Food

China Thinks McDonald’s Highly Coveted Szechuan Sauce Is ‘Just OK’

Because America wasn’t enough, McDonald’s is now terrorizing mainland China with its Mulan-era Szechuan Sauce. McDonald’s China began a promotion for this cursed condiment on Wednesday, but the country—which, let’s be clear, is the literal birthplace of Sichuan cuisine—is reportedly quite disappointed with the sauce’s quality, Quartz reported on Thursday.

This is, at least, a conclusion Quartz has gleaned from combing through posts on Sina Weibo. “Is this really the chile sauce that the Americans go nuts about? It’s not spicy at all,” one user reportedly said. Another allegedly cautioned not to “put your expectations too high, otherwise you’ll be disappointed. It’s just OK.”

Videos by VICE

The particulars of the fiasco involving the sauce stateside are almost too stupid to revisit, but I guess I must for those of you lucky enough to be totally clueless about it. Last spring, Cartoon Network’s Rick and Morty managed to get its atypically devoted fanbase pumped about the existence of a limited-edition sauce served exclusively at McDonald’s in June 1998, part of a tie-in with Disney’s Mulan. The collective hunger of the show’s fans grew more intense as time went on. By October, McDonald’s released the little sacs of the sauce for one day only.

But the chain’s measly supply wasn’t nearly high enough to meet that frenzied consumer demand, resulting in what may have been the most embarrassing display of widespread public hysteria in American history—a fine reminder that capitalism reduces us to the most harebrained, parodic versions of ourselves.

So the chain tried again, vowing it’d follow through on the promise it had originally made to the show’s fans.
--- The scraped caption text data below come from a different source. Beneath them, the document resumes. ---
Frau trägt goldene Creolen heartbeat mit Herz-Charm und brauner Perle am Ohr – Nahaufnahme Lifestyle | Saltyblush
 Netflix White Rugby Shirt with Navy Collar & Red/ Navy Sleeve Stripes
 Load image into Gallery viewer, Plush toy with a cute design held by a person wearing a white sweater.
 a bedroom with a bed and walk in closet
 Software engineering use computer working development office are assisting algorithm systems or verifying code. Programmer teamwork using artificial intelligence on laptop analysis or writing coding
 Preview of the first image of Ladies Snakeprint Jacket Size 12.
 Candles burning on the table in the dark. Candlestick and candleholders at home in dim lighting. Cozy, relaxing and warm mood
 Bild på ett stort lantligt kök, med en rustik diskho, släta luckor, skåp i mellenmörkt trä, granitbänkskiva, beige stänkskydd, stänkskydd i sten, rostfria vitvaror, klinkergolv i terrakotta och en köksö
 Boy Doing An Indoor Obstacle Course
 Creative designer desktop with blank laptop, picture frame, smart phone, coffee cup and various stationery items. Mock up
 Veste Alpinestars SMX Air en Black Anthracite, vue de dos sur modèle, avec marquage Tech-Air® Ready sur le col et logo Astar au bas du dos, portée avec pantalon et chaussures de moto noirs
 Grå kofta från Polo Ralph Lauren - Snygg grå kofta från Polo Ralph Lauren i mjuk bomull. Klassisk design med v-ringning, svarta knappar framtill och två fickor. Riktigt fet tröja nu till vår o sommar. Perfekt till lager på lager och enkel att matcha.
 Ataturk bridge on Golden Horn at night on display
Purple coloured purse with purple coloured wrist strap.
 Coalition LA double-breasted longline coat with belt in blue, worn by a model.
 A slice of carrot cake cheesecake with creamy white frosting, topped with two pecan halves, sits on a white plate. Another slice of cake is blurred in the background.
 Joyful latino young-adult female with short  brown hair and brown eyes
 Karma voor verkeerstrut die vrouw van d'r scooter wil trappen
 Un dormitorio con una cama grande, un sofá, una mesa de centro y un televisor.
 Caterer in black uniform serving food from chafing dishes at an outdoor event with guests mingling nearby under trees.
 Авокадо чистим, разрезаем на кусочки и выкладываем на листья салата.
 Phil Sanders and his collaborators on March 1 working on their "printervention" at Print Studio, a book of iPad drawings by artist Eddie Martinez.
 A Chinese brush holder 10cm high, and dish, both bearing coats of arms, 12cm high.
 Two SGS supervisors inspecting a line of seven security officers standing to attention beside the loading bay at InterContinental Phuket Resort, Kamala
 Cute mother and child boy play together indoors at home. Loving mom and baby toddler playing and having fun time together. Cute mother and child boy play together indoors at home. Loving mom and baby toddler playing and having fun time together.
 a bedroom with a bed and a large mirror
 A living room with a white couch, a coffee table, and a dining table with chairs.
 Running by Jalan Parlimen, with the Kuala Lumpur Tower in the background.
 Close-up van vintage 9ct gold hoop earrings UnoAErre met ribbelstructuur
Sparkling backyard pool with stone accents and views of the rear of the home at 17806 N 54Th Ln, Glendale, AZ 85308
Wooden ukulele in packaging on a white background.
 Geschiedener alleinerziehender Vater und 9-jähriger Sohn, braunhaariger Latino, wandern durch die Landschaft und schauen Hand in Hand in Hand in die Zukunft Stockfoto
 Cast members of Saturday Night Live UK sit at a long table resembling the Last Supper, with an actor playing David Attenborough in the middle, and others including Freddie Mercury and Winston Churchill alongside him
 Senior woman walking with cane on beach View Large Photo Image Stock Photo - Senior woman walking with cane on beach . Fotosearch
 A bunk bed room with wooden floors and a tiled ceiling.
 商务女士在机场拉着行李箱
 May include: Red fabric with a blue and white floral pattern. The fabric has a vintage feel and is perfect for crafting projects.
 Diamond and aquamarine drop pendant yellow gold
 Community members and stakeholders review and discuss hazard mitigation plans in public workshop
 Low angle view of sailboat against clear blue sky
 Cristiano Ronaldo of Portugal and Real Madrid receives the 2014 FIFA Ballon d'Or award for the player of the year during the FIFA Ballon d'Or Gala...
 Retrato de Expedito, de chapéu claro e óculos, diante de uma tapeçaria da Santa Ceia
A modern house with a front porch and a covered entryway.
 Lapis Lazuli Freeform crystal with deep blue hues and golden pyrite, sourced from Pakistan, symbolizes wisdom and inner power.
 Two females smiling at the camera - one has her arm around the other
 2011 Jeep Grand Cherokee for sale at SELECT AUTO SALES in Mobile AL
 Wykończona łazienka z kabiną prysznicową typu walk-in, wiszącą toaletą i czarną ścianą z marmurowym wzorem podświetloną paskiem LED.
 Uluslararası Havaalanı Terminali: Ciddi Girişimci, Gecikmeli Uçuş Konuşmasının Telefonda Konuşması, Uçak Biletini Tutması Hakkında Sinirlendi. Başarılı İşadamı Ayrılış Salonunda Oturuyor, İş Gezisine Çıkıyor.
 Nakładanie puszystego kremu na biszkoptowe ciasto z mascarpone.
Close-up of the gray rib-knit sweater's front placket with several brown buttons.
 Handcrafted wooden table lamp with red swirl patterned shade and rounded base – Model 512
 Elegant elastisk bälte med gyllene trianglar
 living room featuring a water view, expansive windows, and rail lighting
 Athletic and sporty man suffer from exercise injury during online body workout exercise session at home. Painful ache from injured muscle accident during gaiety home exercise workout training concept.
McDonald’s relaunched Szechuan Sauce within the United States in late February, promising it wouldn’t run into a shortage this time. Hell, it even produced a three-part podcast series to convince people that it really understands how cosmically it bungled October’s campaign.

Since last month’s stateside rollout, reviews of the sauce haven’t exactly been stellar. The sauce’s taste has been likened to “corn syrup with maybe a tiny bit of Worcestershire thrown in” and “old cigarette butts,” though some consumers have admittedly been more charitable.

As Quartz notes, Rick and Morty‘s fanbase is considerably smaller in China than it is in the United States, which may provide one explanation into how utterly confounded people are that this sauce has caused mass rioting in the States. But it also might have something to do with the fact that this sauce doesn’t, er, quite taste like anything you’d find in dynamic, rich Sichuan cuisine. The sauce’s ingredient list, as Eater notes, is “water, sugar, distilled vinegar, corn starch, wheat, soybeans, salt, corn vinegar, contains 2 percent or less: apple cider vinegar, ginger, soybean oil, sesame seed oil, xanthan gum, spice, yeast extract, garlic, wheat starch, natural flavor, citric acid, safflower oil, dextrose, potassium sorbate and sodium benzoate (preservatives).” Everything but Sichuan peppercorns, basically.

When reached for comment by MUNCHIES on Thursday, a spokesperson for McDonald’s China confirmed that the sauce’s ingredient makeup is the same in China as it is in the United States. “Being a global brand and part of local culture, we have been closely following latest consumer trend so as to introduce popular and unique menu items from our global system to Mainland China,” Hui wrote MUNCHIES. “The Szechuan Sauce is one of the successful examples. We are thrilled to see the sauce has drawn extensive Chinese customers’ interest and attention.”